(BRIEF):
When the line with "2016 Nissan Maxima SR" turns up below, begin repeating exactly, and carry on through the line with "ZWILLING KRAMER Meiji 10-inch Bread Knife"; no pictures go into the copy.

(MATERIAL SHOWN):
= = =
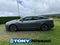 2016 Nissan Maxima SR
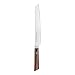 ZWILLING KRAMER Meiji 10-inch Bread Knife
= = =
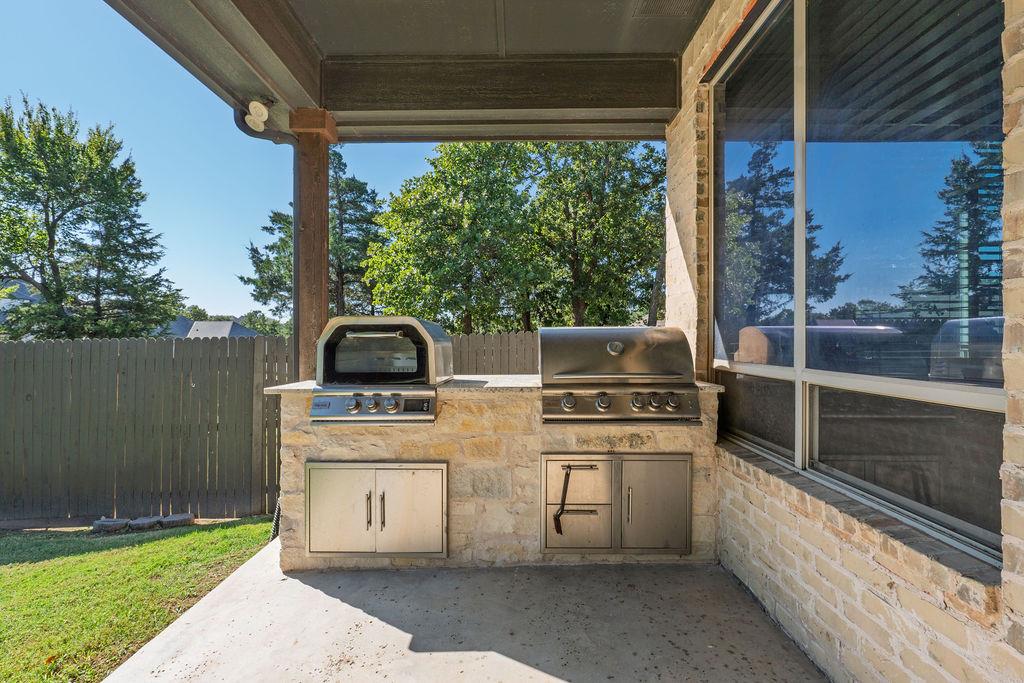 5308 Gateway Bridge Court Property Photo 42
= = =
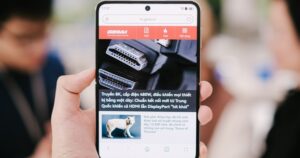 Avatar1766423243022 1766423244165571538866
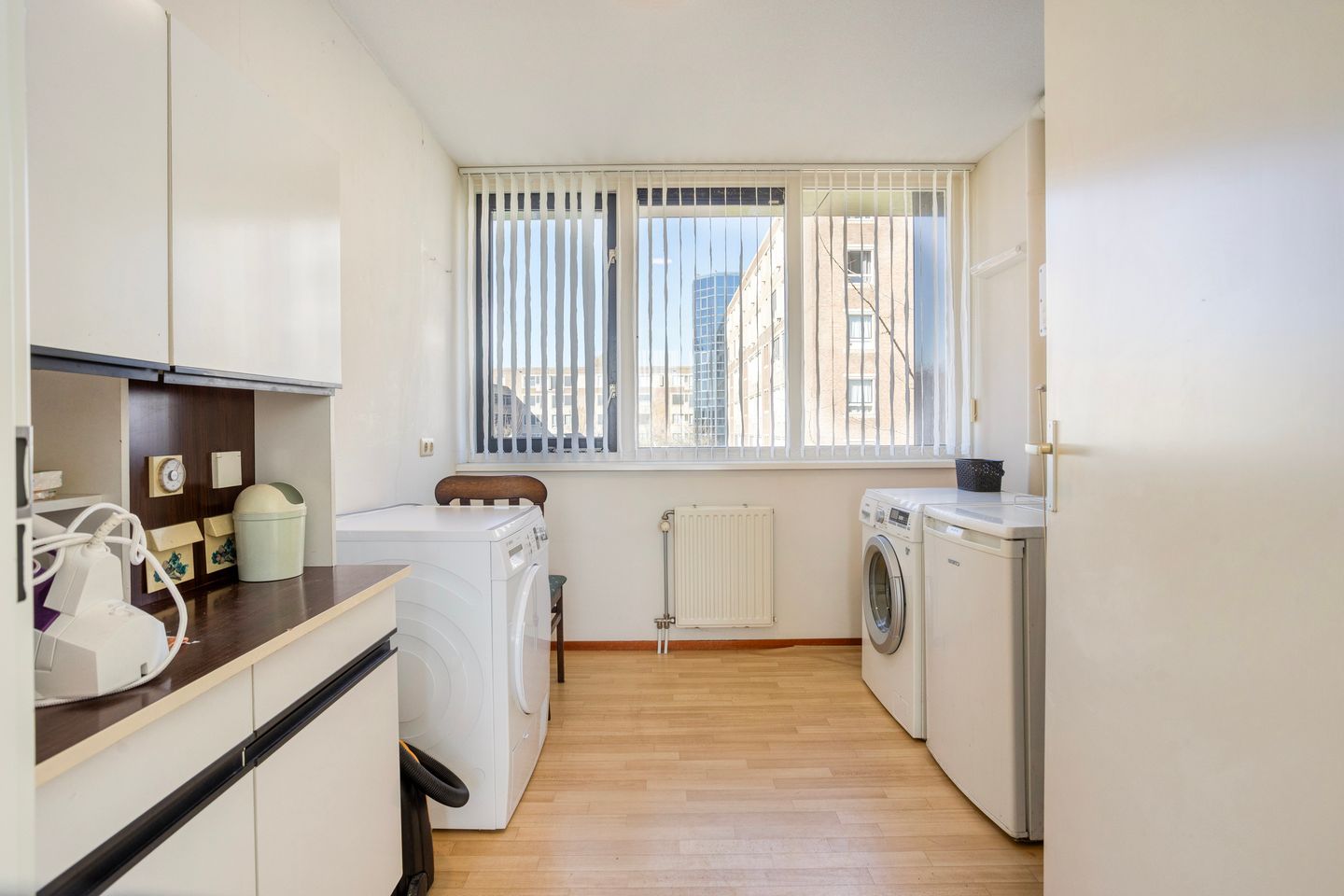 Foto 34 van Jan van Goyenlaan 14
= = =
(RESPONSE BOX):
 2016 Nissan Maxima SR
 ZWILLING KRAMER Meiji 10-inch Bread Knife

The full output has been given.